Al día siguiente compré unas tizas de colores y volví a la calle famosa. Como cantante no tenía el menor futuro, no sabía tocar la guitarra ni ningún instrumento; como pintor nunca había sido gran cosa, o, más propiamente, nada de nada, pero pensé con optimismo que los había peores en el lugar. Copié de alguna postal, poniendo al lado la indicación "Estudiante español", y la palabra "gracias" en seis o siete idiomas. Algo gané, bastante para tomar una habitación alquilada por una buena señora, que también me daba un desayuno con café a discreción.
 
Gisèle Ruiz: YARMEN (detalle).Duchado y algo alimentado, ya era otra cosa. Volví al trabajo en días sucesivos. Unos chavales de Barcelona que pasaban por allí me ayudaron. Habían hecho Bellas Artes, y uno de ellos pintó una "taberna española" con flamenco y demás, y me dejó explotar el cuadro. Se notaba la profesionalidad, y el rendimiento fue excelente.
 
Los catalanes estaban decepcionados: ya no se ligaba como antes. Ellos habían estado por allí unos años atrás, cuando el mero hecho de tener pelo oscuro llamaba la atención de las vikingas y se entablaba relación fácilmente. Ahora, en cambio, llegaban en manada los latinos y los moros… La competencia se había vuelto dura, y las chicas indígenas más precavidas. Yo no conocí a ninguna, en ningún sentido, durante el mes que pasé allí.
 
Tuve relación, en cambio, con dos alemanas unos años mayores, y ciertamente más expertas. Recuerdo una excursión de estudiantes franceses que bajaban de un autobús e iban adelantando el éxito esperado con las escandinavas, porque los franceses, ya se sabe, "hacemos muy bien el amor". El comentario me pareció gracioso.
 
Cuando los catalanes se fueron, a los dos días, mi negocio callejero decayó, y entonces opté por la especialización: copié una postal de la Sirenita del puerto (unos gamberros le habían arrancado la cabeza unos meses antes, por cierto).
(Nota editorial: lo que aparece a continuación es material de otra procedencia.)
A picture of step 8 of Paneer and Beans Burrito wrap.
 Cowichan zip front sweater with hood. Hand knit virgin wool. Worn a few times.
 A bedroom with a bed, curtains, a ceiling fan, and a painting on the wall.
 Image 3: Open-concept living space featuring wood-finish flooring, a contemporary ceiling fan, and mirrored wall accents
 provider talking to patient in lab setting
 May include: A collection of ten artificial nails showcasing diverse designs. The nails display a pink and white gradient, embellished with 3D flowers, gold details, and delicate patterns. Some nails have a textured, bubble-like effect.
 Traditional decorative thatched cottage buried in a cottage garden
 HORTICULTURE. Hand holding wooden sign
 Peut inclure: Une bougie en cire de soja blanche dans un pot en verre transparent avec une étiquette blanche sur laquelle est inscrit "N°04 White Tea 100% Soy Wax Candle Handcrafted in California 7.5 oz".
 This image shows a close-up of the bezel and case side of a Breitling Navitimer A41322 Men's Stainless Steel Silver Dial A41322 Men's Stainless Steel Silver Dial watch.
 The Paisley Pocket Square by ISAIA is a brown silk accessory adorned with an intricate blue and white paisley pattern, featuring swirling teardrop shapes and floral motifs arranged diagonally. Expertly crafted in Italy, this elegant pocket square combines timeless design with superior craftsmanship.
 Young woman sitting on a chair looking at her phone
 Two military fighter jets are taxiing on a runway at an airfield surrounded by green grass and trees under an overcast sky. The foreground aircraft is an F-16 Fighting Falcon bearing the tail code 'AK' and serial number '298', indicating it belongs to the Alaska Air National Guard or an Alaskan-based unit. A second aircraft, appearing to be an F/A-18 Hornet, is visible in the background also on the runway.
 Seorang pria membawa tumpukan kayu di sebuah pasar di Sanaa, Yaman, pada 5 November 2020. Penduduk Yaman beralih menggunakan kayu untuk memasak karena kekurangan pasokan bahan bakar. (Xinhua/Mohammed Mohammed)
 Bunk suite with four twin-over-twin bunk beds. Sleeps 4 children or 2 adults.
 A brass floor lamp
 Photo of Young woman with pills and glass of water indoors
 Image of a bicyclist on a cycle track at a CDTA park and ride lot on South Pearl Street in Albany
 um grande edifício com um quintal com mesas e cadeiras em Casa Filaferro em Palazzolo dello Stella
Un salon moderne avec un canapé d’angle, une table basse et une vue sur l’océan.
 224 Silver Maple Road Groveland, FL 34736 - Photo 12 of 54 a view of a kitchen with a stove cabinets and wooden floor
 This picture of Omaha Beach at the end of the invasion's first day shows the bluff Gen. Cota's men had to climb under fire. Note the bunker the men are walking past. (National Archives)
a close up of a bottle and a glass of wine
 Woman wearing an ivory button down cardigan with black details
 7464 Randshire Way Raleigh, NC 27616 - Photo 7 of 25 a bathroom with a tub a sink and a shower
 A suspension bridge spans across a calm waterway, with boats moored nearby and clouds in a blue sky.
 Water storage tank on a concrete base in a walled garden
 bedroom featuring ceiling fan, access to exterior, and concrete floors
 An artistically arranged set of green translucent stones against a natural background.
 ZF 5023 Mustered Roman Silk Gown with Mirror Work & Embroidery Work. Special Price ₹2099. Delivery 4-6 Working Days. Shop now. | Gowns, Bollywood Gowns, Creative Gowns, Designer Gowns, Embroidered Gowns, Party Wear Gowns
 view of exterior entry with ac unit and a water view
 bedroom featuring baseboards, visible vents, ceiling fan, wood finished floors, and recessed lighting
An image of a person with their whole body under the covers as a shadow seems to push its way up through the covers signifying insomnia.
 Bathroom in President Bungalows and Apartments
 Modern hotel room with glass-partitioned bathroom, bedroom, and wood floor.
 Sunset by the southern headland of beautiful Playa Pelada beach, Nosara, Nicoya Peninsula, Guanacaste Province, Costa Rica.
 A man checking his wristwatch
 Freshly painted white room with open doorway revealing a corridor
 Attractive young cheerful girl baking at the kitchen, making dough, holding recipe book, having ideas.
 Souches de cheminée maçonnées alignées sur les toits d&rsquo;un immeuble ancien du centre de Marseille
Con el paso de los días me fue saliendo mejor, y no sólo me dio para vivir, sino para ahorrar y viajar sin demasiada incomodidad hasta Inglaterra.
 
Guardo agradecimiento a la Sirenita, pues en otras ocasiones me permitió salir de apuros en mis vagabundeos, en Hamburgo, Ostende, Torremolinos o Lisboa, que ahora recuerde. Durante años podía dibujarla de memoria. Lo he intentado ahora, y ya no me sale bien.
 
Hace algún tiempo vi a dos siberianos de mediana edad en una calle de Pamplona que tocaban al acordeón canciones rusas. Me di cuenta de las limitaciones de mi educación. ¿Por qué no habría aprendido a tocar el acordeón cuando era joven? Habría aprendido también canciones rusas, quizá tangos y pasodobles, o algunas melodías de París, y habría recorrido así medio mundo durante un par de años, en la resistente juventud. ¡Ah, tantas cosas hay que uno desearía haber hecho!